Using the listing below, copy exactly the lines from the one containing "The initial trend, which" to the one containing "This is the", both lines included, and no others.

### Extracted material
= = = = = = =

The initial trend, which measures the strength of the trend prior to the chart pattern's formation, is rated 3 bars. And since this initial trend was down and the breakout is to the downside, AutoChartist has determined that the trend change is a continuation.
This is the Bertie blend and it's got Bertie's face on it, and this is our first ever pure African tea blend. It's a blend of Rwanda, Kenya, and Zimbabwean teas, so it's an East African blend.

= = = = = = =

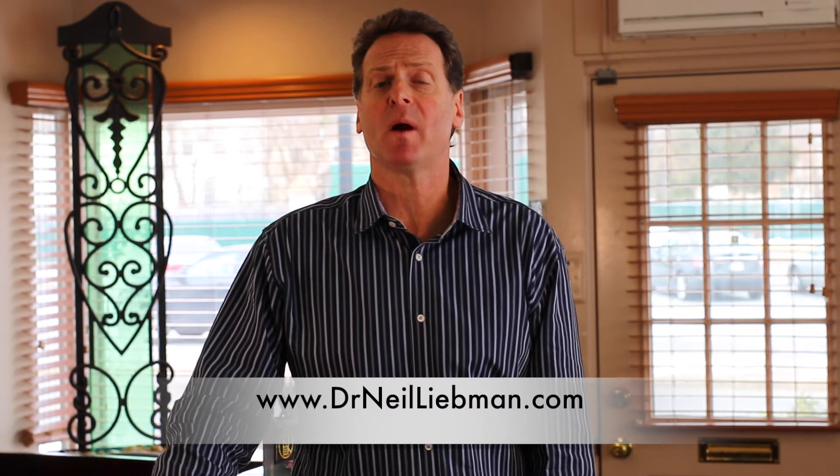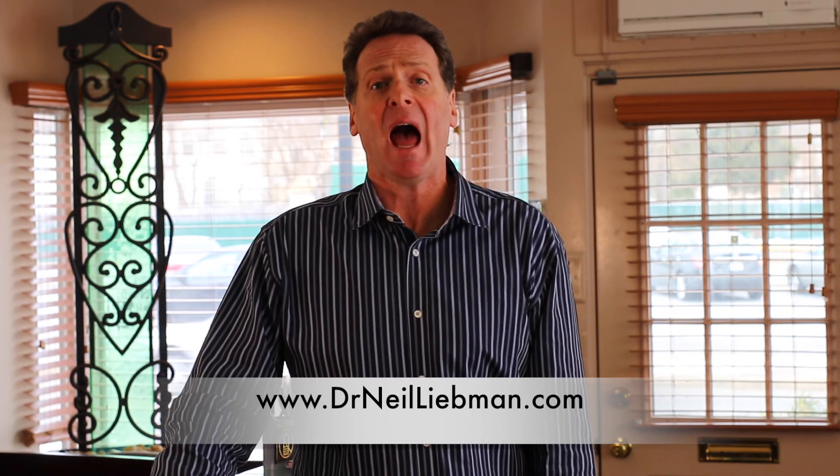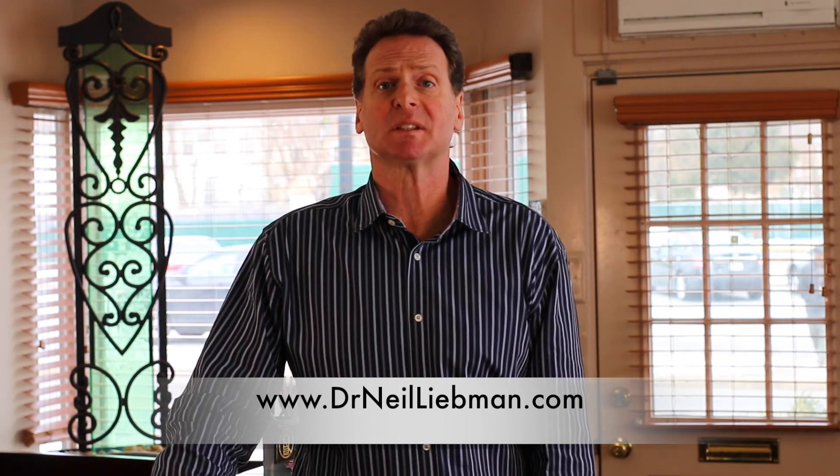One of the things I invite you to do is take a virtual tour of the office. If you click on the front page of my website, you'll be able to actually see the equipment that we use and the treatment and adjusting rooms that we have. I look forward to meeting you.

= = = = = = =

### Exercise answer
The initial trend, which measures the strength of the trend prior to the chart pattern's formation, is rated 3 bars. And since this initial trend was down and the breakout is to the downside, AutoChartist has determined that the trend change is a continuation.
This is the Bertie blend and it's got Bertie's face on it, and this is our first ever pure African tea blend. It's a blend of Rwanda, Kenya, and Zimbabwean teas, so it's an East African blend.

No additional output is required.